Task description:
Give back the entries exactly, ending with the "a bedroom with a bed mirror and window" line.
START Provided information
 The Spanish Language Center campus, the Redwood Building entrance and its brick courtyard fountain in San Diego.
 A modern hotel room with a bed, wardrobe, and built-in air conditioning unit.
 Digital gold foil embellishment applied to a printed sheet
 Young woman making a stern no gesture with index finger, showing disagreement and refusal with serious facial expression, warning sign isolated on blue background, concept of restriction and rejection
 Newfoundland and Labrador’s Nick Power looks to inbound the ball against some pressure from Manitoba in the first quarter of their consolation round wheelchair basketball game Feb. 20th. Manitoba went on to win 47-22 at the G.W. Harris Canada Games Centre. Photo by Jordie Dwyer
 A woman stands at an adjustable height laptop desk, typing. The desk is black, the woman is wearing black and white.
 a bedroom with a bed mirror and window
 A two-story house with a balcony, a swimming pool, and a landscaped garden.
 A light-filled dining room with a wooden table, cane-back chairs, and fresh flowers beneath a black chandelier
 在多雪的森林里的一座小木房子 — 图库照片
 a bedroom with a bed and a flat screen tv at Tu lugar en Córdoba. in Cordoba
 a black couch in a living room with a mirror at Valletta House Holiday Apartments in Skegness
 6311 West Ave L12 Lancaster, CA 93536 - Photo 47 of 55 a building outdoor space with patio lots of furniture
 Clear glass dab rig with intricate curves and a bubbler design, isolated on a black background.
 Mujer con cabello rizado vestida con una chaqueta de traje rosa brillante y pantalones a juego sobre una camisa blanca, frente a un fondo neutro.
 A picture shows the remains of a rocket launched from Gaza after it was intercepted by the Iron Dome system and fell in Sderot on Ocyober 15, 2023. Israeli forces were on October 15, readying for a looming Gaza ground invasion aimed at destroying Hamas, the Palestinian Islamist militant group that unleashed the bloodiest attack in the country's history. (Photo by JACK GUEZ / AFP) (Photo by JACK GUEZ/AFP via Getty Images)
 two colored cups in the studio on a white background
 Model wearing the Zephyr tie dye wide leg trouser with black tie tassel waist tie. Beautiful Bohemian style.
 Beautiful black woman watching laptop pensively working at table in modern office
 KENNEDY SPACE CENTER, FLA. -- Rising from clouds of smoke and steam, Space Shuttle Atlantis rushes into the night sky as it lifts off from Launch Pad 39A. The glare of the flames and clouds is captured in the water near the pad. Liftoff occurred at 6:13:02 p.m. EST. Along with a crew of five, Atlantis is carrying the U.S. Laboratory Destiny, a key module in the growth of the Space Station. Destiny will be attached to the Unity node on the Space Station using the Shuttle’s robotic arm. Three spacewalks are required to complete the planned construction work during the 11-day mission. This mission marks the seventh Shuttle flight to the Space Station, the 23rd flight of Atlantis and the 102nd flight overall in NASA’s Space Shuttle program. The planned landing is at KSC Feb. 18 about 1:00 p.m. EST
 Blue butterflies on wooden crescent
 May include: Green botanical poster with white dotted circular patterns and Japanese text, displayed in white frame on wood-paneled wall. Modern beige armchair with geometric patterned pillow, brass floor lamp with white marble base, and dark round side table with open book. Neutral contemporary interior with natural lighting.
END Provided information
Output:
 The Spanish Language Center campus, the Redwood Building entrance and its brick courtyard fountain in San Diego.
 A modern hotel room with a bed, wardrobe, and built-in air conditioning unit.
 Digital gold foil embellishment applied to a printed sheet
 Young woman making a stern no gesture with index finger, showing disagreement and refusal with serious facial expression, warning sign isolated on blue background, concept of restriction and rejection
 Newfoundland and Labrador’s Nick Power looks to inbound the ball against some pressure from Manitoba in the first quarter of their consolation round wheelchair basketball game Feb. 20th. Manitoba went on to win 47-22 at the G.W. Harris Canada Games Centre. Photo by Jordie Dwyer
 A woman stands at an adjustable height laptop desk, typing. The desk is black, the woman is wearing black and white.
 a bedroom with a bed mirror and window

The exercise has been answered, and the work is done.